With the marketplace's acceptance of flat panel technology and desire for more efficient PV devices to offset spiraling energy costs, the demand for larger panels, increased production rates and lower manufacturing costs have driven equipment manufacturers to develop new systems that accommodate larger size substrates for flat panel display and PV device fabricators. Current substrate processing equipment is generally configured to accommodate substrates slightly greater than about two square meters. Processing equipment configured to accommodate larger substrate sizes is envisioned in the immediate future.

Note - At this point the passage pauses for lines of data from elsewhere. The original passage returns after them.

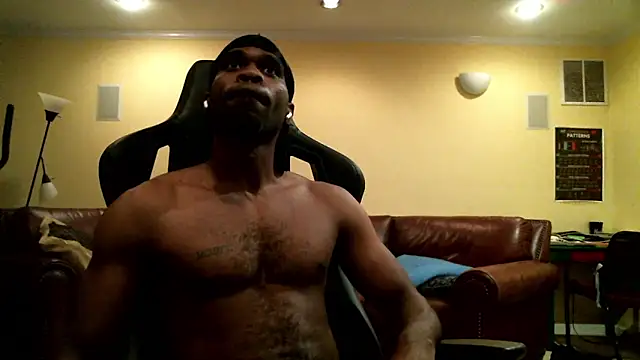 james421   online show from 04-03-26, 04:19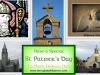 st-patricks-day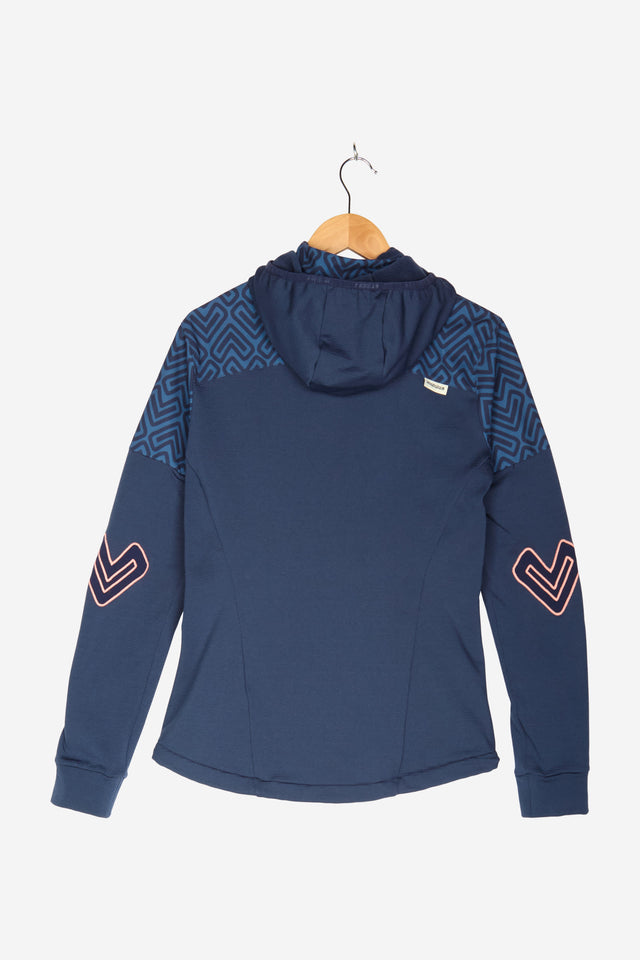 Fleecejacke für Damen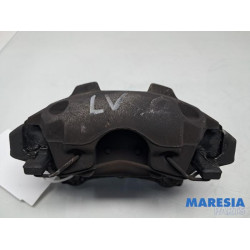 Renault - Clio - Remklauw (Tang) links-voor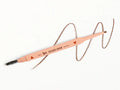 Secure Brow Eyebrow Pencil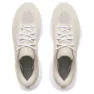 Under Armour Infinite Pro Cool Down Löparskor male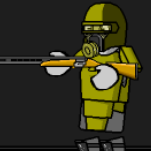 冲锋陷阵游戏手机版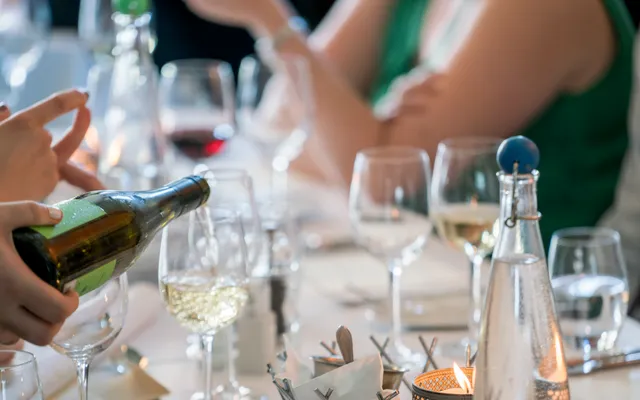 ‘Schreeuw maar, ga maar, maak alles nieuw: dat is voor mij nu de kern van het Evangelie’.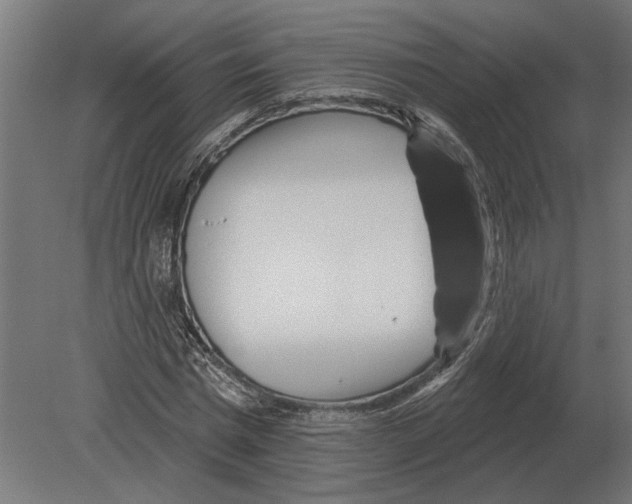 X0000080720777200701121842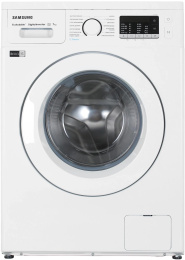 Стиральная машина WW70AG5S21EE/LD SAMSUNG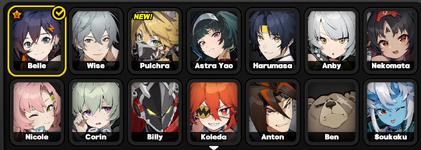 laba6.png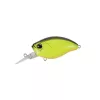 Duo Realis Crank 48MR Kabuki 4,8cm 10,5gr ACC3303 Hazzard Chart II Zwevende Wobbler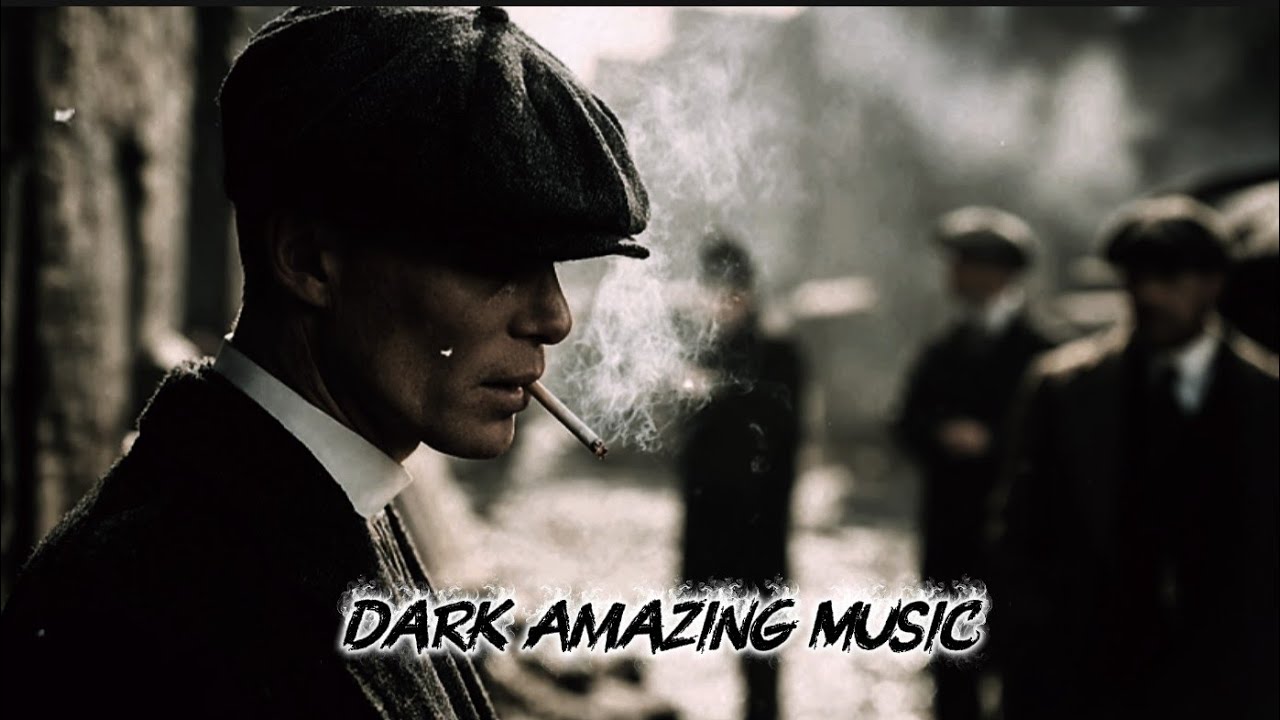 🎵 Mafia Remix &mdash; Ultra Extended Version 🎵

Equipment to fabricate such large substrates represents a substantial investment to fabricators. Conventional systems require large and expensive hardware. Due to the large pressure differentials experienced during operation of the load lock chamber, the walls of the load lock chamber must be very thick in order to minimize deflection. Chamber deflection contributes to and/or causes a myriad of processing issues, some of which include non-uniform spacing between thermal regulating features and the substrate that causes heat transfer non-uniformities, movement of substrate supports within the processing chamber which creates robotic handoff issues, diminished seal life and particle generation. However, increasing the wall thickness to the extent necessary to mitigate these problems would result in a chamber body having unacceptable weight and costs, and as such, other solutions to limit and/or isolate chamber deflection would be very desirable.
Thus, there is a need for a load lock chamber for efficient transferring of large area substrates.